Water, environment and sanitation

Water Environment and Sanitation

 

Water Environment and Sanitation

© UNICEF Egypt
Many remote villages now receive clean drinking water

In Egypt, where the vast majority of the country’s people live on the narrow strip of arable land along the Nile Valley, a fast-growing population means ever more crowded living conditions, and competition for resources that are becoming scarcer.

One of the most important of these resources is clean, safe water for drinking, washing, and cooking.

Unfortunately, there are many villages in rural Egypt that continue to rely on water delivery and waste disposal systems that are outdated, unhygienic, and therefore unsafe. As a result, the situation with regard to safe drinking water, household sanitation, and the immediate environment within these communities is far from satisfactory.

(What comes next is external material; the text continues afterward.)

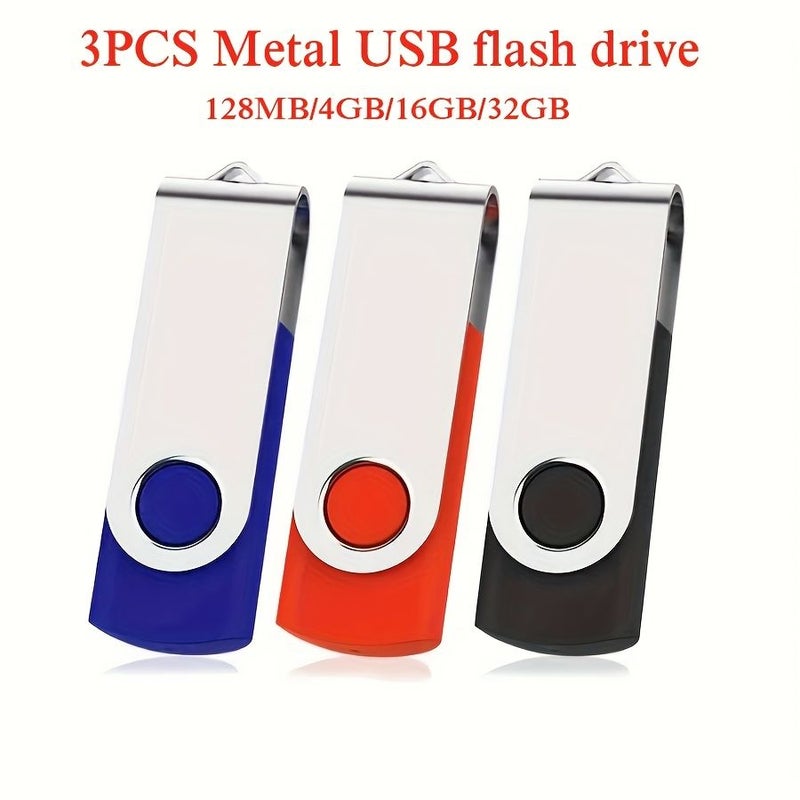 3pcs USB Flash Drive 32GB Storage for Computer Laptop Speaker Car - Image 1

One of the main ways in which UNICEF is working to address these issues is through the Village Environmental Assistance Project (VEAP). Supported by the United States Agency for International Development (USAID), this project aims to extend access to safe drinking water and proper sanitation to 0.5 million people, living in deprived, relatively isolated villages of Fayoum, Beni Suef, and Minya governorates.

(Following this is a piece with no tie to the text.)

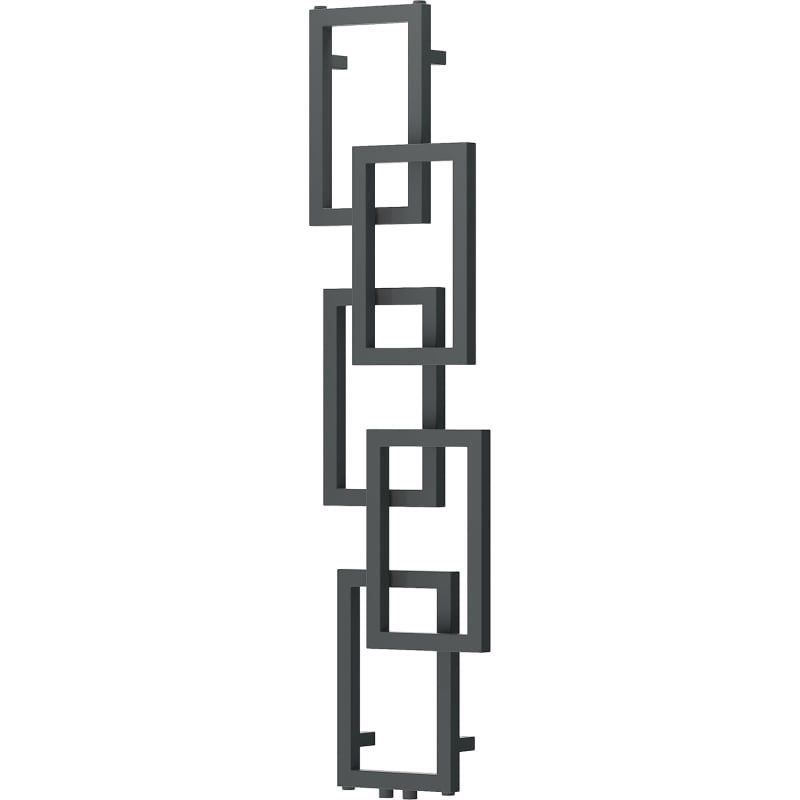 Mexen Grid radiateur de salle de bains décoratif 1360 x 390 mm, 349 W, anthracite - W215-1360-390-00-66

The VEAP works by following three main tracks at the same time : ensuring the water supply is safe; working to improve sanitation; and providing hygiene education aimed to improve hygienic and environmental awareness and behaviour.

Planned to end in July 2005, the project has been underway for four years and has so-far reached 400,000 people.

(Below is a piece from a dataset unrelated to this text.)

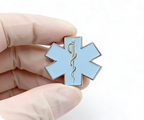 White Medical Ambulance Star Pin Badge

Thirty-seven villages have received new, small-scale water distribution networks that connect 1,600 families to a safe supply of potable water. Nine thousand three hundred “pour-flush” latrines have been constructed in 30 different villages, ensuring vastly improved human waste disposal, and a series of training sessions has been conducted for government, NGOs and communities to carry out effective sanitation and hygiene promotional activities.

UNICEF has developed a number of different ways of teaching communities about hygiene and the environment. Volunteers from the project villages were trained in areas such as personal hygiene, safe methods of handling water, and assessment and reporting on environmental problems in their villages. By training volunteers in the skills necessary to take care of their own families, and also in methods of communicating what they have learned to others, UNICEF hopes that the message will be spread effectively and accurately to many times the number of people who attended the training.


 

© UNICEF Egypt
Goha makes a point about personal hygiene

Aside from these courses, a door-to-door awareness campaign supported by booklets, posters, and calendars, the project also included a puppet show.

Featuring the well-known Egyptian folk character Goha, the puppet show toured the areas where the project was being implemented, spreading the messages of the communication campaign in an entertaining and culturally appropriate way.